Monday, May 31, 2010
In yesterday's New York Times Book section, Jacob Heilbrunn reviewed Jonathan Alter's hagiography of Barack Obama, The Promise: President Obama, Year One.
"Obama himself had two sides -- Chicago community organizer and Ivy League meritocrat. The meritocrat won out. According to Alter, 'Obama's faith lay in cream rising to the top. Because he himself was a product of the great American postwar meritocracy, he could never fully escape seeing the world from the status ladder he had ascended'."
Heilbrunn and Alter are glossing over one inconvenient fact: Obama has employed an army of lawyers and has spent over $950,000 making sure that his academic records remain sealed. If his SATs or LSATs or his transcript were anything to boast about, why would he spend this much effort keeping those scores a secret? And if they were mediocre -- as his actions suggest -- would he have gotten into Columbia and Harvard Law School without affirmative action?
Of course not.
What Obama is a product of is the great American post-Viet Nam War affirmative action-ocracy.

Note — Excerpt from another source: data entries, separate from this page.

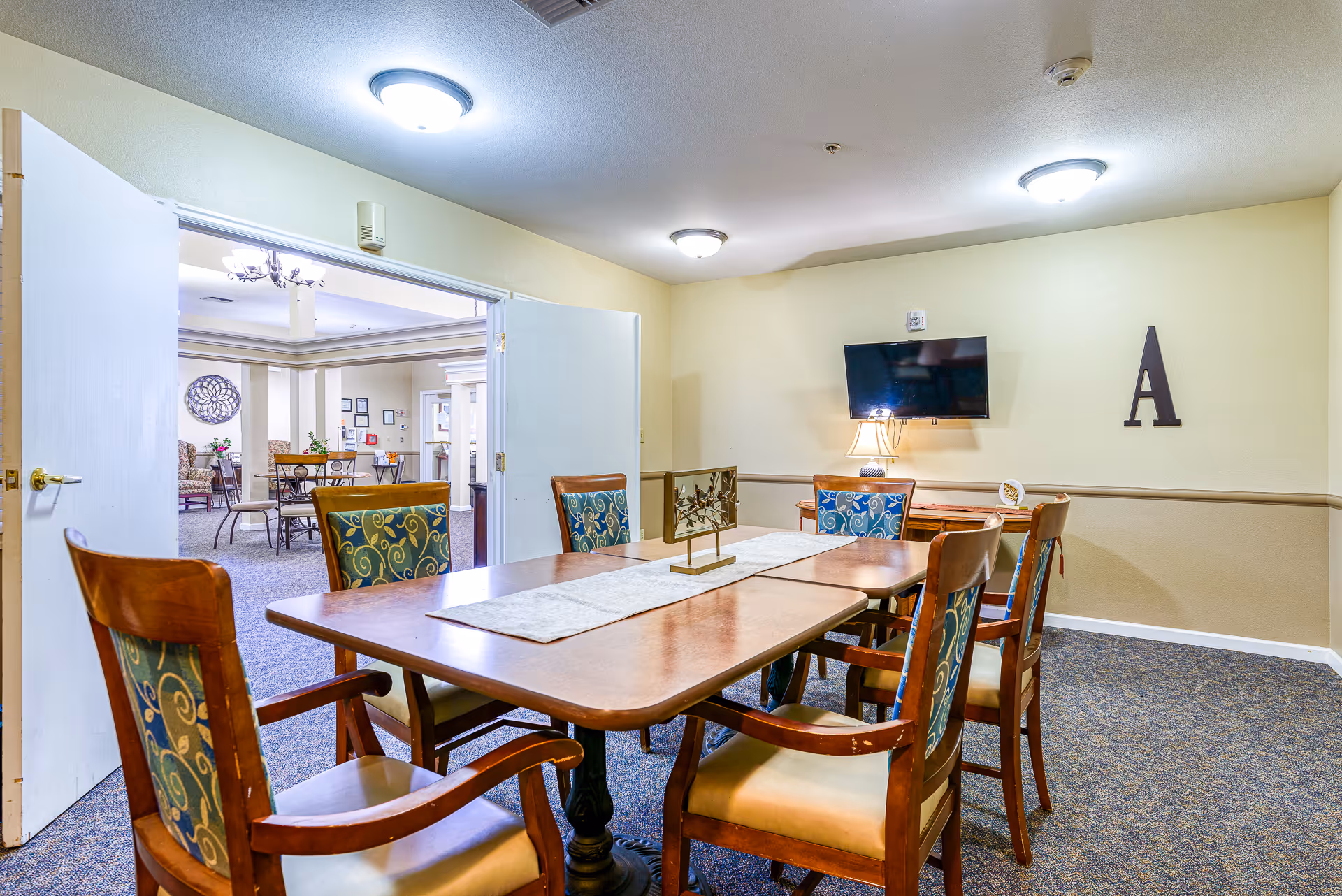 A well-lit room with a wooden table surrounded by six chairs with patterned cushions. A flat-screen TV is mounted on the wall above a small wooden cabinet with a lamp. The walls are painted beige with a darker beige wainscoting. Double doors open to an adjacent room with additional seating and decorative elements.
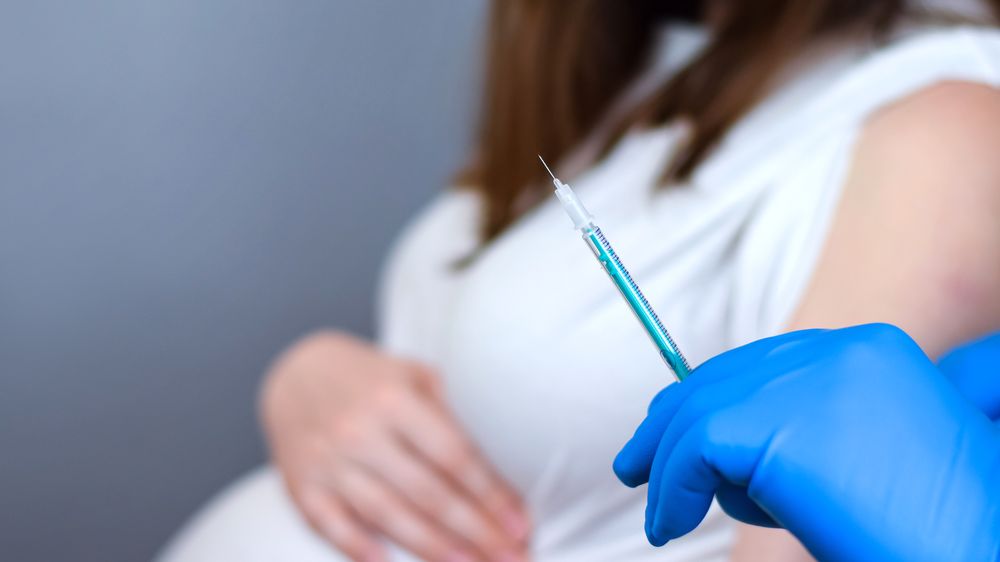 Mulher grávida tomando vacina contra Covid-19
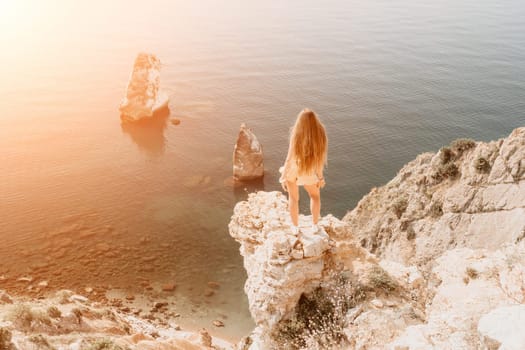 Woman travel sea. Happy tourist taking picture outdoors for memories. Woman traveler looks at the edge of the cliff on the sea bay of mountains, sharing travel adventure journey.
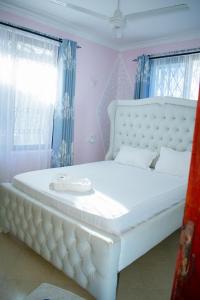a large white bed in a room with blue curtains at Kerith Springs Family Holiday home Bamburi Msa in Bamburi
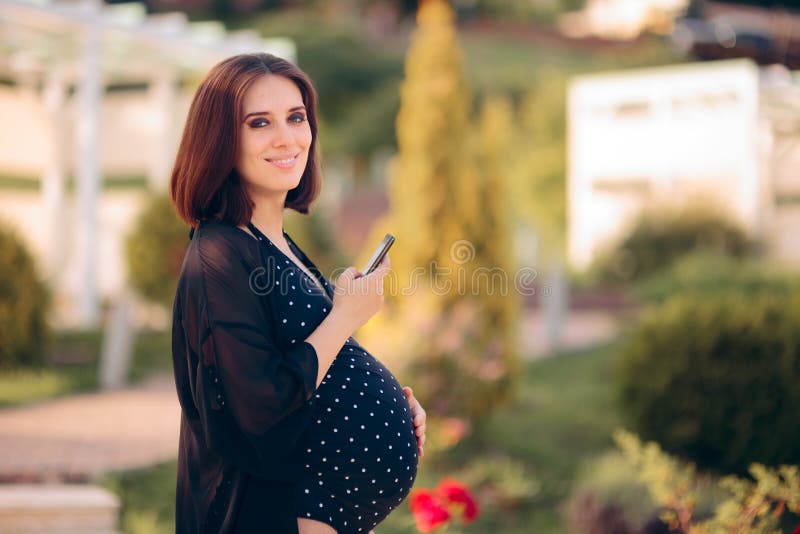 Mulher gravida que verifica seu telefone em férias da lua do bebê fotografia de stock Mulher gravida que verifica seu telefone em férias da lua do bebê fotografia de stock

But the very concept of affirmative action is antithetical to merit. If you believe in a meritocracy, then, ipso facto, you should believe in judging people on their merits, not by the color of their skin. You should also believe in the value of SAT scores (whose correlation with IQ is .9). Or better yet, you believe in the concept of IQ itself.
But IQ differentials are the type of thing that liberals prefer to sweep under the rug, unless it suits their purposes. They're willing to say that cream rises to the top, as long as Obama is the cream you're talking about. When it comes to Obama's success, his sheer native brilliance -- IQ, if you will -- explains all. But if you want to look closely at any objective measures of his intelligence -- say, his SAT or LSAT scores, or his excessive reliance on the Teleprompter, forget it. And if you use IQ differentials to explain or analyze anything else, well, then you're a bad person.
The other misleading implication here is that Obama himself has faith in "cream rising to the top." Obama's entire career -- from community organizer to Illinois state Senate member to US Senator to President -- has been all about supporting racial set-asides, which, again, have nothing to do with merit and everything to do with skin color.
If Barnes and Noble and Borders have any sense, they'll place Alter's book in the fiction section.